We were seated near a man who was limping but still walking – later on he came out in a cast which freaked me out because it meant that he has been walking on a badly injured leg. There was also a man who was coughing. Non-stop. Without covering his mouth too well.
When he emerged wearing a face mask I felt extremely unimpressed.
Surprisingly the bathrooms aren’t the worst which was a relief.
Expert advice - bring food. Sarmies and chips or fruit. Anything to just nibble on because the road is long.
Once the specialist saw us he sent us to blood work. I was miserable there because there was zero order and once my mom has emerged having been spiked, the nurse announced that the results would take an unknown period of time. We took that as our queue to drive to get a healthy McDonald’s lunch. We hurried back fearful of missing her name being called and my regret grew as we were forced to wait another hour or so. Then we were sent to X-rays. This was the hardest to navigate because we got multiple false directions and at one point ended up right where we had started.
Again another queue with some Chatty Cathy’s that I was not interested in engaging with. I was tired, miserable, my phone was dead and I wanted to go home. I can only imagine how my mom felt.
With those finally done, we went all the way back to the specialist and I could see didn’t really know what was going on.
It was evening now.
His final diagnosis felt like freedom that we had been waiting for all day.
"Congratulations! You have an ulcer! You are free to go!"
The last leg of the race was to the dispensary where I could not wait with my mom. It was with a teary goodbye that I left to go home, return with a book and wait amongst other people in an outside waiting room. I think I saw another person with blood on them.

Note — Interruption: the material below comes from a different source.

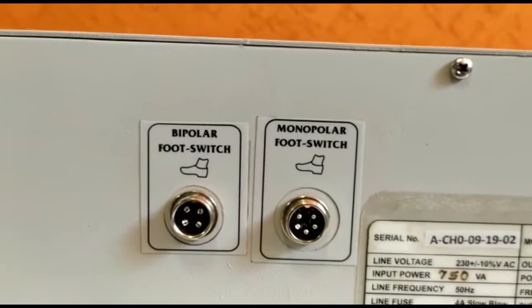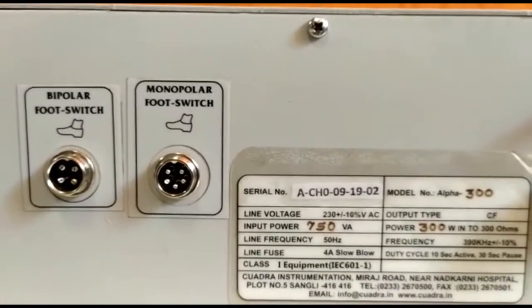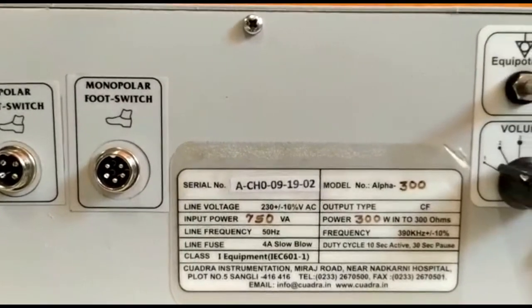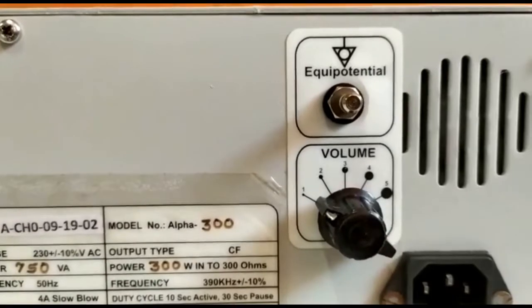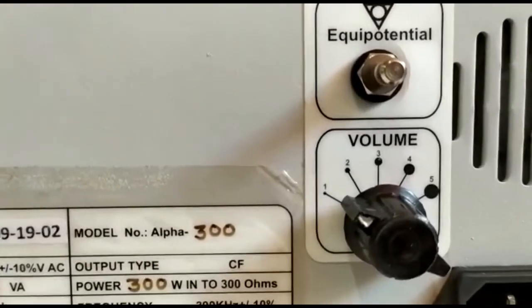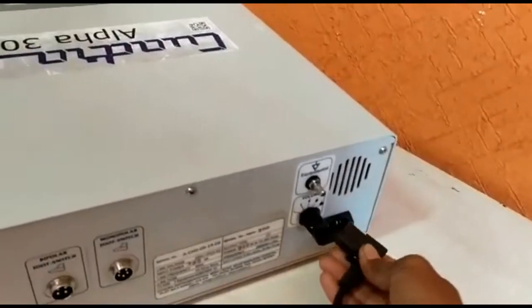The back side of the machine has sockets for the monopolar and bipolar footswitch. There is an equipotential terminal for connecting the ground, a volume control ranging from level 1 to level 5, and a power socket.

There was a TV playing a depressing channel and I recall taking this moment to cry.
My mom finally walked out at about 7pm or 8pm that evening, medication in hand and we flew out of there like bats out of hell, eager for home.
It was not an easy experience.
It wasn’t fun. I saw so many different kinds of people, all races and from all walks of life who were just in need as we were.
If you can afford medical aid then you are one of the lucky ones but if not, know that it isn’t worth the horror stories for a smaller diagnosis that would normally cost thousands.
My mom saw specialists, got X-rays and medication for a total of R50 and now knows how to prevent relapses as well as how to tap in to her very wells of patience.